Photo Credits: BRIAN LANDRY / COURTESY
Video games provide an unparalleled relationship between you and the world of a story
One of the greatest strengths of video games is their ability to transport you to a whole new world. It’s what makes them such great storytellers. But as games have increased their ability to create worlds on a technical level –– games are larger, more detailed and more realistic than ever before –– they’ve also been able to create digital versions of real-world cities. And in many ways these “fictionalized” cities in the digital world become almost like travel brochures for the cities themselves.
In the analysis and criticism of games, setting is still treated like a background. And, to some extent, that may be applicable in older games and certain genres of games today. But, in the massive open-world odysseys and epic stories that are now produced, the world is so much more than a background — it is more like a living, breathing character than ever before.
How do the worlds feel? How do they sound? How long did it take for you to remember your surroundings and recognize landmarks? These are the questions we should be answering (and experiencing) when we play games today.
Swinging around Manhattan as Spider-Man in Insomniac Games’ “Spider-Man” let me feel the energy and bustle of New York. The liveliness of the world, swinging through skyscrapers and shooting finger-guns at enthralled New Yorkers, really made me want to be there. Each subsection of the city felt different, from Hell’s Kitchen to the Upper East Side. The sensationalism of Spidey’s friendly-neighborhood was amazing.

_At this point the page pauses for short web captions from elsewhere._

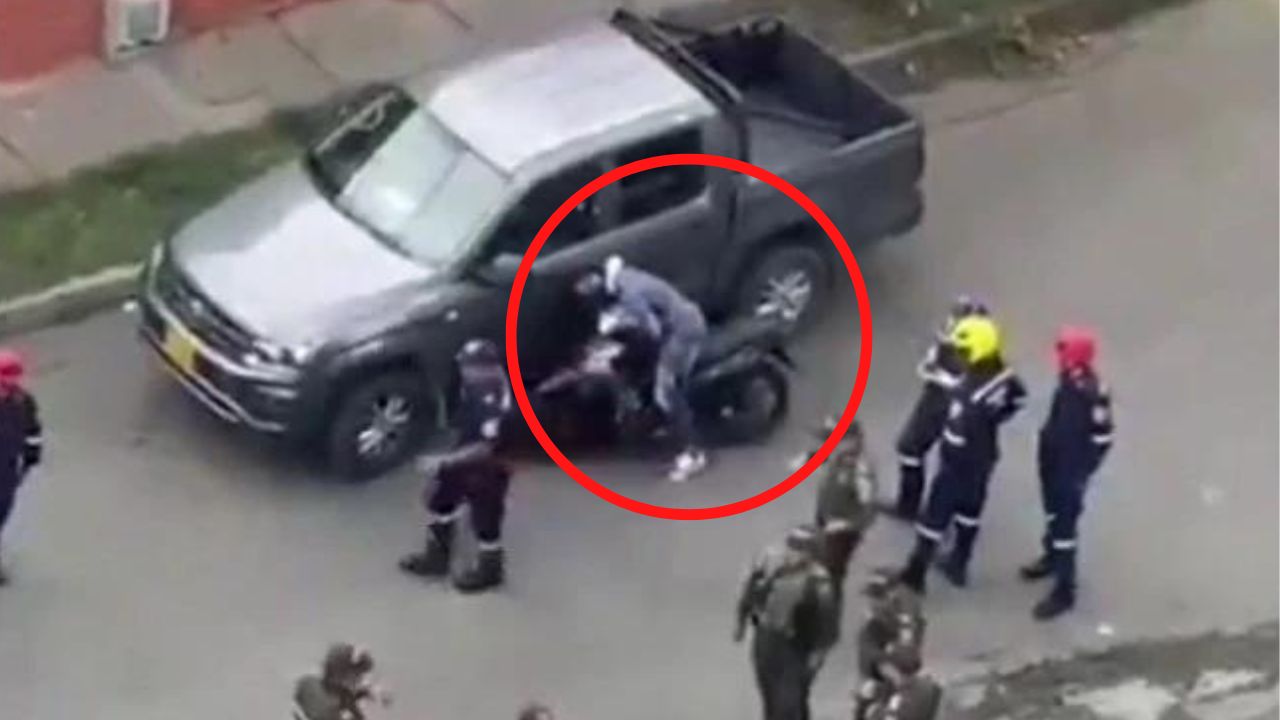 Ladrón es atacado a balazos por ocupantes de camioneta de lujo que intentó asaltar: Video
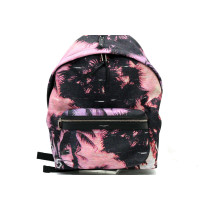 Saint Laurent Zaino Tela Nera e Multicolor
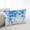 Blue, variant on Black Gradient Throw Pillow Covers, Abstract Polka Dots Vintage Modern Art Soft Breathable Pillow Cases with Invisible Zipper for Sleeping, Standard Pillowcases for Couch Bed Sofa Chair 20x26 Inches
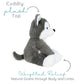 Hayes Husky - Microwavable & Weighted Plush Stuffed Animal - Heated Plushie for Warmth - Cute, Soft, Cozy Toy for Adults & Children (Boys, Girls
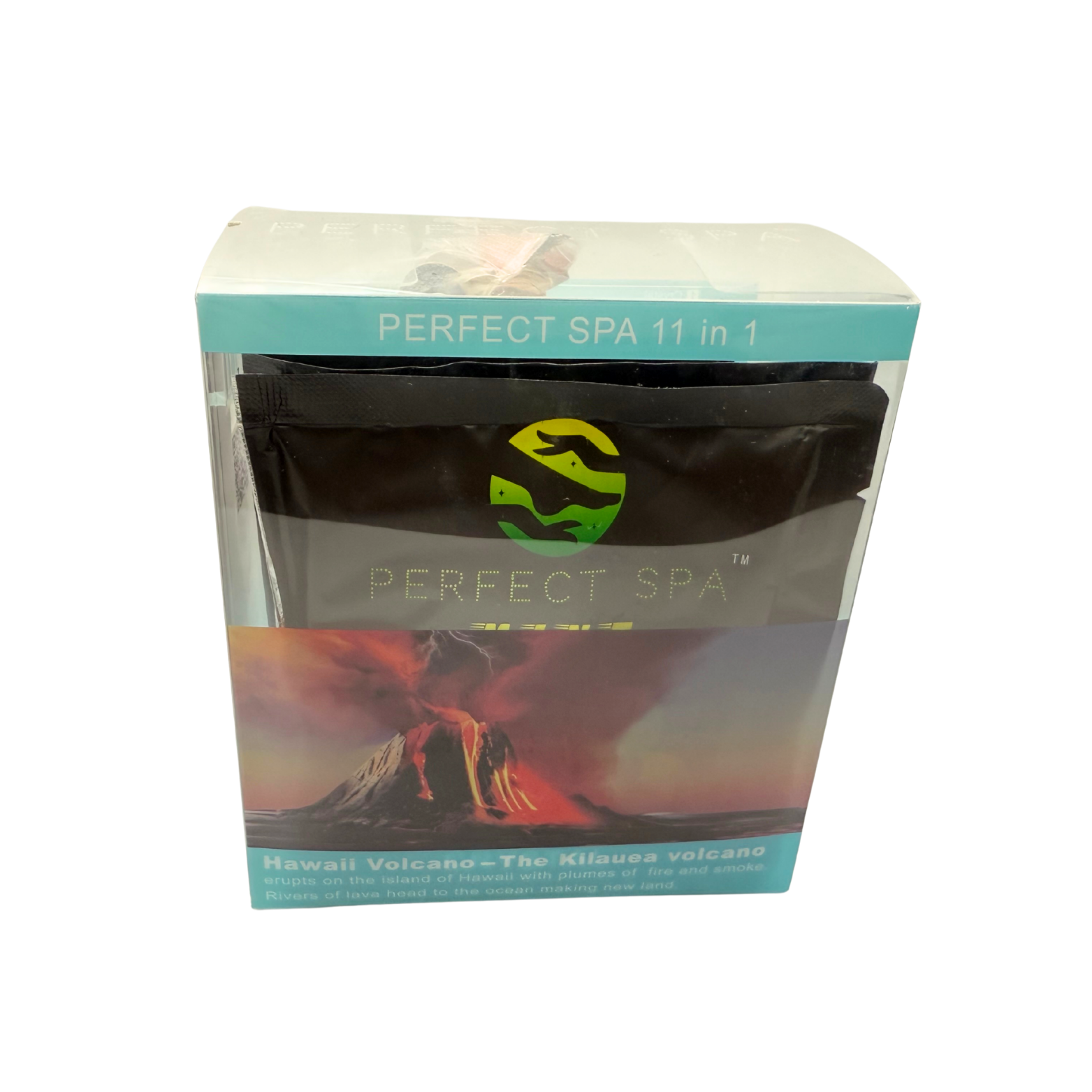 Perfect Spa Hawaii Volcano - The Kilauea Volcano Mint 11-in-1 Pedicure Kit – Box of 36 | Invigorating Cooling Bubble Spa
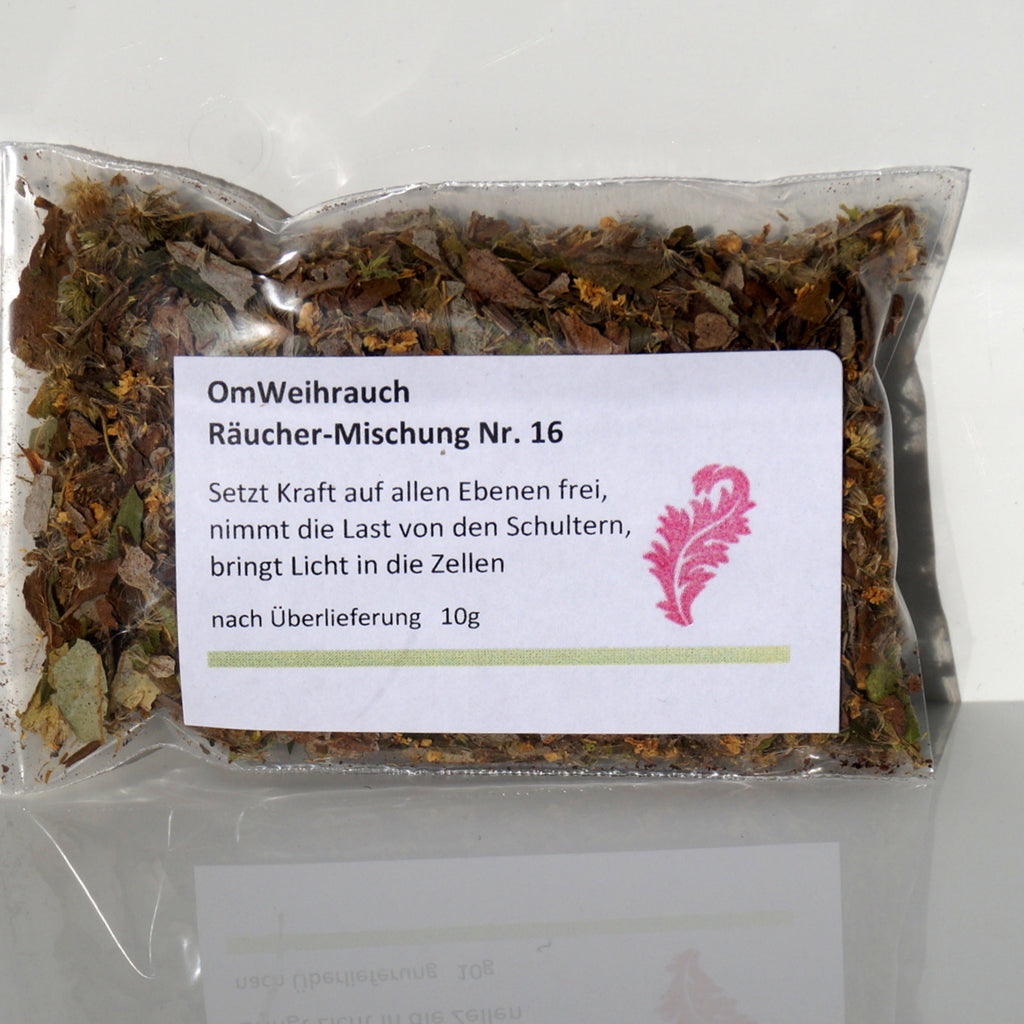 OmWeihrauch Räuchermischung Nr. 16 – Kraft & Licht (10g)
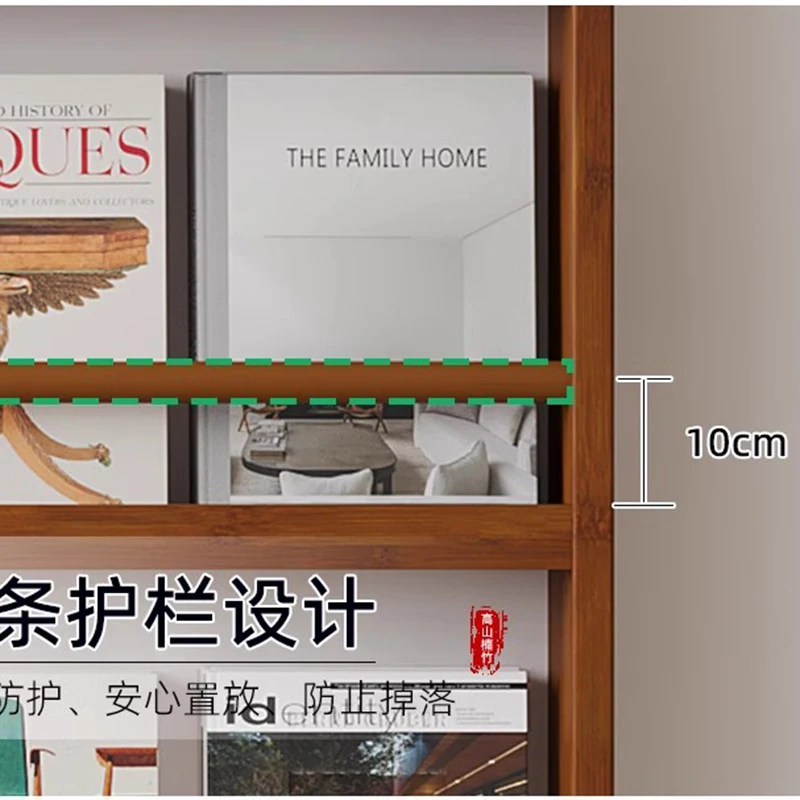 Ultra-Thin Wall-Mounted Bookshelf Door Storage Rack Magazine Holder Multi-Layer Narrow Space Organizer for Kids Books-FYMR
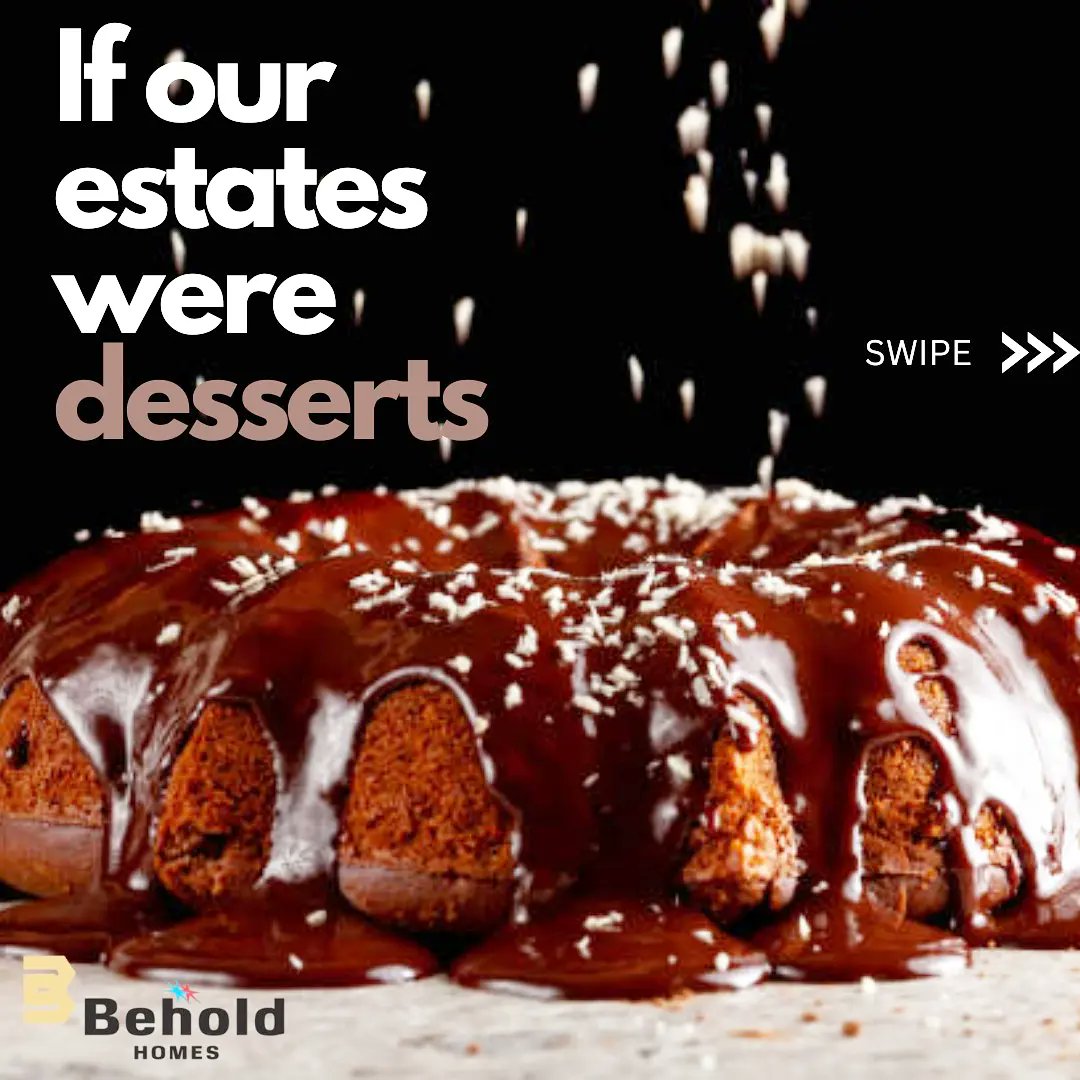 Behold_Homes's tweet photo. If our properties were desserts🎂, which of them would you go for ?
A. Sunrise Court
B. Behold Mini Court I
C. Behold Mini Court II
D. Behold Mini Court III
E. Behold Court IV
 #beholdhomes #propertiesinlekki #homesforsale #dessert #realestate #tribunal #Coronation #idan #DeGea https://t.co/O12AP1Hc3D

But, the game that gave me the best sense of immersion in a new setting was Sucker Punch Productions’ “Infamous: Second Son.” It was the spring of 2014, and I had just gotten my hands on the next generation of gaming: the PS4. “Infamous: Second Son” was the title I had to play. Set in a fictionalized Seattle, the game itself was amazing, but the world was sensational. Any city, real or created, had never looked so beautiful in a game. The high reaches of the Space Needle and the views of Mt. Rainer were breathtaking. Photo mode was killer, and “Second Son” made the feature an instant staple for our current generation of games.
I fell in love with a city I had never been to –– through a video game. It was so beautiful not because it was visually appealing –– I could see that in a movie –– but because I could experience the city in a way that was personal, like I could in real life. It felt like a place I could actually inhabit. The dark alleyways and empty docks were mine to explore. I could climb on top of any building to get a better view or spend as much time as I wanted at the Pike Place Market. Movies can portray the highlights of a city, but having the freedom to take in the beauty of that Seattle at my own pace is not possible through a movie.
Five months later, when I finally visited the real Seattle, the feeling was almost indescribable. It was a mix between the strangest deja-vu feeling ever and utter joy. I didn’t just recognize Lincoln’s Toe Truck or Elephant Car Wash: I recognized actual alleyways and street corners. It was like experiencing a new city for the first time –– twice.
Of course, Sucker Punch Productions is located just outside of Seattle, so the setting of the game they created was pretty much in their own backyard. The city the studio recreated felt even more alive and breathing, It wasn’t just a still or moving image on a screen — it was full of interactable NPCs and environments. It even responded to my actions and gameplay choices. That is the power of games, and it’s hard to understand until you actually experience it yourself. And with the rise of virtual reality technology in games, these digital cities are going to feel more real than ever.
It’s not that video games can do this better than movies or TV shows, or any other form of entertainment; it’s that they can do something that no other platform can. Video games can put you in the city and give you all of the sounds and sights you would actually see in the real-life thing. It’s unparalleled, and I can’t wait to see where the technology of video games takes us.